Two weeks ago I did my first Capture The Flag (CTF) during the first time I (e-)attend a KubeCon conference.

Doing this remotely is definitely not the same feeling as I would have experienced in an in-person event. Nonetheless my KubeCon experience was awesome, I learned a lot and I really loved the energy and the momentum from the entire communities (organizers, speakers, sponsors, attendees, etc.). I felt that the focus around Kubernetes is more about how to simplify the developers versus operators experience (buildpacks, kustomize, gitops, tye, cdk, etc.) and to democratize security (opa/gatekeeper, falco, eBPF, etc.) around Kubernetes. If you are interested in reading great summaries from this event, I found very insightful the following resources:

Note: here are all the on-demand sessions from KubeCon NA 2020, enjoy! ;).

You could also watch this KubeCon NA 2020 Wrap Up Panel where David McKay is with his all star panel guests, they are discussing all the major news and talking about their favourite talks; giving you everything you need to know in a friendly one hour session:

As I have been educating myself more and more about security, especially around Kubernetes, during KubeCon I mostly focused my time on sessions related to Security. Here are 2 announcements I’m really excited about:

On Nov 20th, the last day of KubeCon NA 2020, the SIG-Honk AMA panel: Hacking and Hardening in the Cloud Native Garden was really informative. This group of friends and longtime Kubernetes security SMEs brought their unique perspectives and experience with securing, attacking, and deploying cloud native infrastructure to form ”sig-HONK,” an unofficial Special Interest Group focused on changing the way we think about and practice security in distributed systems. Related topics:

On Nov 17th I e-attended one of the co-located (i.e. extra pre-day) events: the Cloud Native Security Day. An entire day of sessions dedicated to Security with Kubernetes, amazing! But what was even more amazing is something I discovered the same day that a Capture The Flag (CTF) was happening throughout the day! What!? Yep! For people like me who are eager to learn by having hands-on experience, what a good fit!
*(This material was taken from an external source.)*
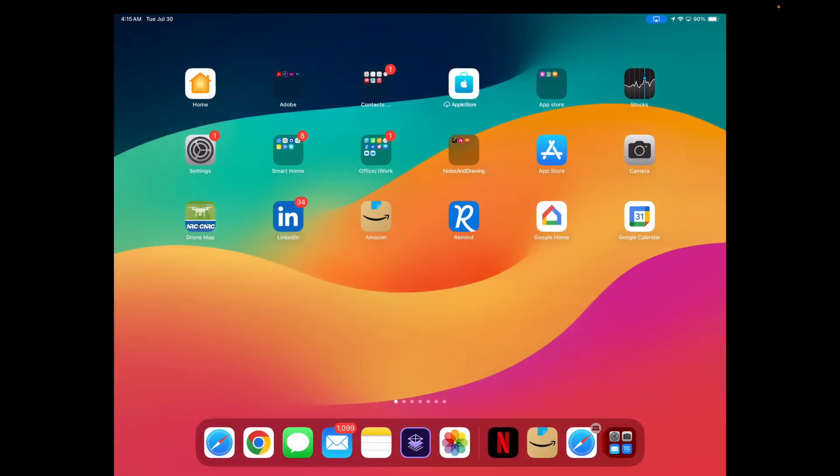Hey guys, on today's video we're going to be updating your iPad to the latest iOS or iPadOS. Let's get started.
Fun, education, no ranking, fast feedback and support with a dedicated Slack channel.

In these Attack scenarios, we’re going to be doing a lot of things that can be crimes if done without permission. Today, you have permission to perform these kinds of attacks against your assigned training environment. In the real world, use good judgment. Don’t hurt people, don’t get yourself in trouble. Only perform security assessments against your own systems, or with written permission from the owners.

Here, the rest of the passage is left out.